> **About this exercise**: Lines that contain the string "Free" are the ones to list; copy all of them from the records.
BEGIN Records for this exercise
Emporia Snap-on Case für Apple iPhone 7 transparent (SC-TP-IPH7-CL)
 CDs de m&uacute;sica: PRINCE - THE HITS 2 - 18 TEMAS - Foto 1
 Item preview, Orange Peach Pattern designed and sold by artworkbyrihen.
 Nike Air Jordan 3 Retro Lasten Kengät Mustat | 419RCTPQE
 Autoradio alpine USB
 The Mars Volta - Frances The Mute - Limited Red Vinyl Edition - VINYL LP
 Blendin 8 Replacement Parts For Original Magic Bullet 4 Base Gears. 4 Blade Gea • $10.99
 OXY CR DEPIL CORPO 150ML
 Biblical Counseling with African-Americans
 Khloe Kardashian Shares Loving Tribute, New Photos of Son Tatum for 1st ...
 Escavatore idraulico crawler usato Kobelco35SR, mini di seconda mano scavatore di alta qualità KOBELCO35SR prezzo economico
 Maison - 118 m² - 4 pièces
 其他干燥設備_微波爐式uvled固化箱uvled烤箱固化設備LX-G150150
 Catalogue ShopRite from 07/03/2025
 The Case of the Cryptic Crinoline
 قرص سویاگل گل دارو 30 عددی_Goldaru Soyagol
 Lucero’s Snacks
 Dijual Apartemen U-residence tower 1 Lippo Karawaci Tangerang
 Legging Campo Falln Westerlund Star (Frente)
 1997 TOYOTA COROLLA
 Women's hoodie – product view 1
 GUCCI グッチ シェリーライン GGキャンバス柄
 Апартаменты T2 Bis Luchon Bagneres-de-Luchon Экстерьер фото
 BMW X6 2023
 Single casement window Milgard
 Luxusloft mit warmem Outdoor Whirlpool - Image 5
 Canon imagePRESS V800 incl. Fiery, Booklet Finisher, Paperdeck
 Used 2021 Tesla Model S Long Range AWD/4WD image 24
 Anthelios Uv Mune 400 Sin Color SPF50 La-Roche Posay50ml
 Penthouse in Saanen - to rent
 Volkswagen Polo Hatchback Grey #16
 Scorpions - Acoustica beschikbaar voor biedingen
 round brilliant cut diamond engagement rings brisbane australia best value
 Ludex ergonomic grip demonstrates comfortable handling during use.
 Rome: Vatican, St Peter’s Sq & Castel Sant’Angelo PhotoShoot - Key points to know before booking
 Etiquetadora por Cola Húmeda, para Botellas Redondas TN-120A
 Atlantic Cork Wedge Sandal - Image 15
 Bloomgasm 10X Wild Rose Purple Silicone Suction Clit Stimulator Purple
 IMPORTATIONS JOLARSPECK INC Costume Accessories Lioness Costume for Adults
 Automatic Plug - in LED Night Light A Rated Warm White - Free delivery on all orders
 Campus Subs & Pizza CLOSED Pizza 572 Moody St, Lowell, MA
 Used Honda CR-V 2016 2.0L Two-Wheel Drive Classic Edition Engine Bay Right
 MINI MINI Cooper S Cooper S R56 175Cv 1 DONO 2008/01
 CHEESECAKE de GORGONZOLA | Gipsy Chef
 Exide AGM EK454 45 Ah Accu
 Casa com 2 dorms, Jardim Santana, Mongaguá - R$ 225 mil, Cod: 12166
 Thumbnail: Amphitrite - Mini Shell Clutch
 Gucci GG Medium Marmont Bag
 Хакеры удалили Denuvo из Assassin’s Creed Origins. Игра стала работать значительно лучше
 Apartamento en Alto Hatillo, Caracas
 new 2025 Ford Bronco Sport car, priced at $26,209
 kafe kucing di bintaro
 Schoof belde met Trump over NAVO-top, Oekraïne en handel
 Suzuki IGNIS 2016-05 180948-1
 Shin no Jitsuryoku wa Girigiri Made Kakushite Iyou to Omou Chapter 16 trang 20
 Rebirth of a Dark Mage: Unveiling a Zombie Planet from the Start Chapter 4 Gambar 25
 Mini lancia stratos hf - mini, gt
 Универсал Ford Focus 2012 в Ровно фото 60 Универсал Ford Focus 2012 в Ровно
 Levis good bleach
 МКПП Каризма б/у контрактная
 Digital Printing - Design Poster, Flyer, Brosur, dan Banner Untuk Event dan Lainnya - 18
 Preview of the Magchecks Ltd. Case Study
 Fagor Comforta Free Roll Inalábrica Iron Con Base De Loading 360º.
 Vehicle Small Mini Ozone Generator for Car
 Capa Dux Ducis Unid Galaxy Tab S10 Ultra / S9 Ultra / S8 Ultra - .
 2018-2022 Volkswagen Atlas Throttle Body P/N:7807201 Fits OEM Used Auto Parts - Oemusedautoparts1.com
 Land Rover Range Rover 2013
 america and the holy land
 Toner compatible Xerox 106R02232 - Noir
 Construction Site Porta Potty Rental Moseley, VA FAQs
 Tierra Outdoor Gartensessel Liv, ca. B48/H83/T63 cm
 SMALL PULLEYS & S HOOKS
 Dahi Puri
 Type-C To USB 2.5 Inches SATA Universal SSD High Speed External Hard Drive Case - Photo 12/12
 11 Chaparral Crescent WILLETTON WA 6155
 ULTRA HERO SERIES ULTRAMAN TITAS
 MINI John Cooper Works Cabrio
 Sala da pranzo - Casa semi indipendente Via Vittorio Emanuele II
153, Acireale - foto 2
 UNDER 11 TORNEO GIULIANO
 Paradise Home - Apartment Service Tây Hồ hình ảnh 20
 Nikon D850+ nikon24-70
END Records for this exercise
> **Solution to this exercise**:
 Automatic Plug - in LED Night Light A Rated Warm White - Free delivery on all orders
 Fagor Comforta Free Roll Inalábrica Iron Con Base De Loading 360º.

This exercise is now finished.